How libvpx Uses Presentation Timestamps in Video Encoding

In video encoding, presentation timestamps (PTS) are crucial for maintaining playback synchronization and determining when frames should be displayed. This article explains how the libvpx library—the reference encoder for the VP8 and VP9 video formats—utilizes PTS and frame durations during the encoding process to manage rate control, dictate frame type decisions, support variable frame rates, and optimize multi-pass compression.

The Role of PTS in the API

In libvpx, the primary encoding function is vpx_codec_encode. This function requires three critical inputs related to timing: * Input Image: The raw video frame. * PTS (Presentation Timestamp): A timestamp indicating when the frame should be displayed, measured in stream timebase units. * Duration: How long the frame should be displayed before the next frame replaces it, also in timebase units.

Unlike encoders that rely strictly on a fixed frame rate, libvpx uses these explicit temporal markers to understand the exact real-time spacing of the input video.

1. Rate Control and Bit Allocation

The libvpx rate control algorithm heavily relies on PTS and frame duration to allocate bits across the video stream.

Dynamic Frame Rate Calculation: By analyzing the difference between consecutive PTS values (or the explicit duration passed to the encoder), libvpx calculates the instantaneous frame rate.
Temporal Bit Distribution: A frame with a longer duration (a larger gap before the next PTS) represents a longer period of static or active display on screen. The encoder allocates more bits to these frames because compression artifacts on a long-lasting frame are more noticeable to the viewer. Conversely, frames with short durations receive fewer bits.

2. Timebase Scaling

For libvpx to interpret PTS values correctly, you must define a timebase in the encoder configuration (vpx_codec_enc_cfg_t). The timebase is represented as a fraction of a second (for example, 1/90000 for standard 90 kHz clock rates, or 1/1000 for milliseconds).

The encoder translates ticks to actual time using the formula: \[\text{Time in Seconds} = \text{PTS} \times \text{Timebase}\]

If the timebase configuration does not match the scale of the incoming PTS values, the rate control loop will miscalculate the video’s speed. This results in severe bitrate spikes, buffer overflows, or degraded visual quality.

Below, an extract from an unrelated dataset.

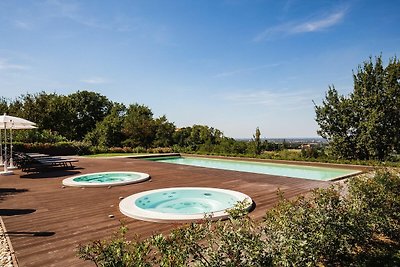 Ferienhaus in Castel San Pietro Terme mit...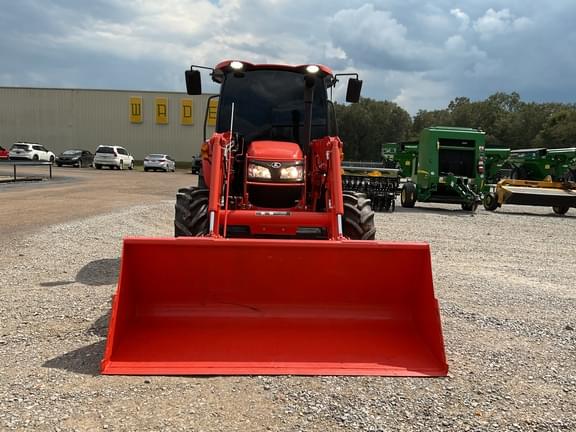 Image of Kubota M4D-071 equipment image 1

3. Variable Frame Rate (VFR) Support

Because libvpx calculates timing directly from individual PTS and duration parameters rather than a static global FPS variable, it natively supports Variable Frame Rate (VFR) encoding. When encoding security camera footage, video game captures, or presentations where the frame rate drops during static scenes, libvpx adjusts its quantization parameters (QP) frame-by-frame to match the incoming temporal density.

4. Frame Type Decisions and GOP Structure

libvpx uses PTS intervals to manage the Group of Pictures (GOP) structure, which includes keyframes and alternate reference (alt-ref) frames:

Keyframe Placement: The configuration parameters kf_min_dist and kf_max_dist define the minimum and maximum intervals between keyframes. libvpx monitors the elapsed PTS to ensure a keyframe is forced if the maximum temporal distance is reached without a scene change.
Alt-Ref Frames: In VP8 and VP9, alt-ref frames are invisible frames used as future predictors. libvpx analyzes the PTS timeline to determine the optimal lookahead distance, selecting frames further down the timeline to compress as alt-ref frames.

5. Multi-Pass Encoding

In two-pass encoding, PTS usage is split across two phases:

First Pass: The encoder processes the video to analyze scene complexity and writes a stats file. Each entry in the stats file is tagged with its PTS and duration.
Second Pass: libvpx reads the stats file. By matching the incoming raw frames to the corresponding PTS in the statistics, the encoder maps out the precise complexity of the entire timeline, distributing the target bitrate budget optimally across both high-motion and static scenes.